A study of SCHIP managed care plans found wide variations in the scope and limits of mental health treatment, with many states limiting outpatient services to 20 visits and inpatient days to 30 or less. These limits are not based on the medical needs of beneficiaries or best practice guidelines and result in coverage that is wholly inadequate for children with mental disorders.  Another study found that children with complex mental health needs would have access to full coverage of needed services in only approximately 40 percent of states due to limited benefits in SCHIP plans.

            Mental health services are key components of the range of services children need for healthy development, and children enrolled in separate SCHIP plans deserve comprehensive coverage for their mental health needs For these children to have access to appropriate range of services, the law must be amended to ensure that all SCHIP plans provide mental health coverage that is equivalent to the coverage provided for general health care.

On February 28, 2007, over 40 national organizations representing children in the child welfare and mental health system sent a letter urging you to use this critical opportunity afforded by the SCHIP reauthorization process to prohibit disparate limits on mental health care for children in separate SCHIP plans.

Furthermore, language in the SCHIP statute even allows states to provide significantly less mental health coverage in their separate SCHIP plans than is covered in the benchmark plan they select.  The law allows states that opt to create a separate plan to reduce the actuarial value of the mental health benefit by 25 percent—that is, the mental health benefit in SCHIP need only be actuarially equivalent to 75% of the benefit in the benchmark plan itself.  This statutory provision authorizes states to establish SCHIP benefit packages that are totally inadequate for treating the great majority of childhood mental disorders.

            This provision allowing the reduction of mental health benefits to 75 percent of the mental health benefits in the benchmark plans must be eliminated, and we commend Chairman Dingell for including a provision to do just that in his bill entitled the Children’s Health First Act.

CONCLUSION

            I conclusion, it is clear that many parents face tremendous barriers to accessing adequate mental health services for their children.  Both the President’s Commission on Mental Health and the Surgeon General have declared children’s mental health coverage to be in crisis.  It is unthinkable that a child with asthma would enter the child welfare system solely to access treatment.  But, for children with mental health needs, this is precisely what does happen across the country.

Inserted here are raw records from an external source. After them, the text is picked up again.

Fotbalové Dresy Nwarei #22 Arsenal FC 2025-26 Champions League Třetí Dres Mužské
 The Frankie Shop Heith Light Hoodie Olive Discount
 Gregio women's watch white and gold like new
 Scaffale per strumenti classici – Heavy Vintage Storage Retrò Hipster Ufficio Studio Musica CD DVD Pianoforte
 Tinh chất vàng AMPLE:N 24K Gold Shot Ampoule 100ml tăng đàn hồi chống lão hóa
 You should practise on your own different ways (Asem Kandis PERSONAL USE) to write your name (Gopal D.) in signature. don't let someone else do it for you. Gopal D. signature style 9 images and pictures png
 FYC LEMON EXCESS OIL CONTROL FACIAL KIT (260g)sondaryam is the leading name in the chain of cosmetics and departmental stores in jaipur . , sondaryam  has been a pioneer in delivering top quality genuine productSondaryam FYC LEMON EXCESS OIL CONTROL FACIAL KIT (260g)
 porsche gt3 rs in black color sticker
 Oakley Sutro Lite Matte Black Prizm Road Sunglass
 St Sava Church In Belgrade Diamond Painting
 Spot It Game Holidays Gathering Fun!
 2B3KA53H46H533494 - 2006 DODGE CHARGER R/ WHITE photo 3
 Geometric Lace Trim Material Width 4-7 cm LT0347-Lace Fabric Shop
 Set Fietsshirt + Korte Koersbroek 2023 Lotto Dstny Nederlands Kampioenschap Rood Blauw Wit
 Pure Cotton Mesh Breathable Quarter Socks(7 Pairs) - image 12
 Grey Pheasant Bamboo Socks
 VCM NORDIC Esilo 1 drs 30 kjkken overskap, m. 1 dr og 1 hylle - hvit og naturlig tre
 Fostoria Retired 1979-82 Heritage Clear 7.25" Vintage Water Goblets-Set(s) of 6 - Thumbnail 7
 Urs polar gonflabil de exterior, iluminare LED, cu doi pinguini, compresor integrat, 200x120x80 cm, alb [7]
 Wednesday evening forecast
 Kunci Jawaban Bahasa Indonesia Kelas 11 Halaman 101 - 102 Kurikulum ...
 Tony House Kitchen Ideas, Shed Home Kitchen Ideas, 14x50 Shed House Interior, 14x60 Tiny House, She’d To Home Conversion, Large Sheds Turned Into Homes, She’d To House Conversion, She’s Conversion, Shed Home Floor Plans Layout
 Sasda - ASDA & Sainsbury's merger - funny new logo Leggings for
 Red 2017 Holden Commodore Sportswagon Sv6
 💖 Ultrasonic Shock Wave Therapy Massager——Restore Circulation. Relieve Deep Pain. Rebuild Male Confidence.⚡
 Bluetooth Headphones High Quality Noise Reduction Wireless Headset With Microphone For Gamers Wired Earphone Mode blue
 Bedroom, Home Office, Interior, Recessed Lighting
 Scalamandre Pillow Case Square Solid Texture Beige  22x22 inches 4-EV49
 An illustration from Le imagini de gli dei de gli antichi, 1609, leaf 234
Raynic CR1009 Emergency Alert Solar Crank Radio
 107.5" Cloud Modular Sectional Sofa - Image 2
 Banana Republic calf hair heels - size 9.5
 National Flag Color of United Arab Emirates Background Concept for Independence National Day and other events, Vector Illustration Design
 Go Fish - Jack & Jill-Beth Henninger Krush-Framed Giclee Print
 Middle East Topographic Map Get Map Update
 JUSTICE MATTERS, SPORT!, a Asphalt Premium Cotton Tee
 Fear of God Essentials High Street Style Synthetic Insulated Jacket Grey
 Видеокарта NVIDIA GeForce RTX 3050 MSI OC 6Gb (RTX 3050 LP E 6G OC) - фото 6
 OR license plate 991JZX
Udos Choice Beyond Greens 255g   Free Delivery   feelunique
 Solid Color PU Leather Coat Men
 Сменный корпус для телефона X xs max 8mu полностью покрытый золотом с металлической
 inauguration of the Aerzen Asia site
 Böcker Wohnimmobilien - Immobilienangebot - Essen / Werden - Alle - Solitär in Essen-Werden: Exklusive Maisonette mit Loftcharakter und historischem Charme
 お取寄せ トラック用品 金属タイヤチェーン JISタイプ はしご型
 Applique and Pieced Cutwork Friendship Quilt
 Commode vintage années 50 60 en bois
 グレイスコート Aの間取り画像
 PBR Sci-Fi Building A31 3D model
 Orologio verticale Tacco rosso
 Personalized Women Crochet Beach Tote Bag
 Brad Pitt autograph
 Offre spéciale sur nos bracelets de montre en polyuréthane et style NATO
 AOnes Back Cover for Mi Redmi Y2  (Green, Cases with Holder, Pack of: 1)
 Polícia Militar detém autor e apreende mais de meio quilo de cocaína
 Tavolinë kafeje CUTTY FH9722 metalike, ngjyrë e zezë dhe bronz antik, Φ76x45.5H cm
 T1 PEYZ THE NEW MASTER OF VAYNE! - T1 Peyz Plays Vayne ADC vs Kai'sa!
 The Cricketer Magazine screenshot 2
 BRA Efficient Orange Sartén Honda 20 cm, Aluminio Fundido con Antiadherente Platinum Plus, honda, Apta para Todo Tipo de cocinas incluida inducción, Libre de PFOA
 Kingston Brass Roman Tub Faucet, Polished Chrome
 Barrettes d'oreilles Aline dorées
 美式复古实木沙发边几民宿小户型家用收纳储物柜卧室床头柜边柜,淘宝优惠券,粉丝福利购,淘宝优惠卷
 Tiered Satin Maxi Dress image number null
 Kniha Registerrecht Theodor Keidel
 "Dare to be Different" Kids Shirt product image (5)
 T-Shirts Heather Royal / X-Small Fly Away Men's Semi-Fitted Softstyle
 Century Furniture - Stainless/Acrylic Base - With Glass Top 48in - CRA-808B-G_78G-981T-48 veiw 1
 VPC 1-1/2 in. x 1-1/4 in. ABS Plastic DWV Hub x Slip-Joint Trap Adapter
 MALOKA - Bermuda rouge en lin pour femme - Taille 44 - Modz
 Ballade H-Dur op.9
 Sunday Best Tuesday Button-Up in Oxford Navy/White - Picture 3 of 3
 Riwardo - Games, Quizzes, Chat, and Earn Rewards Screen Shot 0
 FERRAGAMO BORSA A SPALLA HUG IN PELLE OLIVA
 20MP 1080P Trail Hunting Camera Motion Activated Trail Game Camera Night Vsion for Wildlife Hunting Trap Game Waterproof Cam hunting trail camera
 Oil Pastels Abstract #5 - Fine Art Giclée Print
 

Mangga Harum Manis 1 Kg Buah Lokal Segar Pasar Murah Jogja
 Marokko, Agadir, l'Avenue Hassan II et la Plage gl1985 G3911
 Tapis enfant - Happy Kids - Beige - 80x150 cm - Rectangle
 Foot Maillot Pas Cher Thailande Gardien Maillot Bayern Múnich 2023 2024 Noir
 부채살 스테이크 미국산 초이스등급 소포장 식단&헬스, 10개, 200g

            I urge you to take advantage of all legislative opportunities to improve access to mental health services and supports for children.  Proposals before the Committee to remedy the failings of the private and public sector serving children with mental health needs must be seized to offer these children a fair chance at overcoming the extra challenges they face. 

            I thank you for holding this vital hearing and would be happy to answer any questions you might have.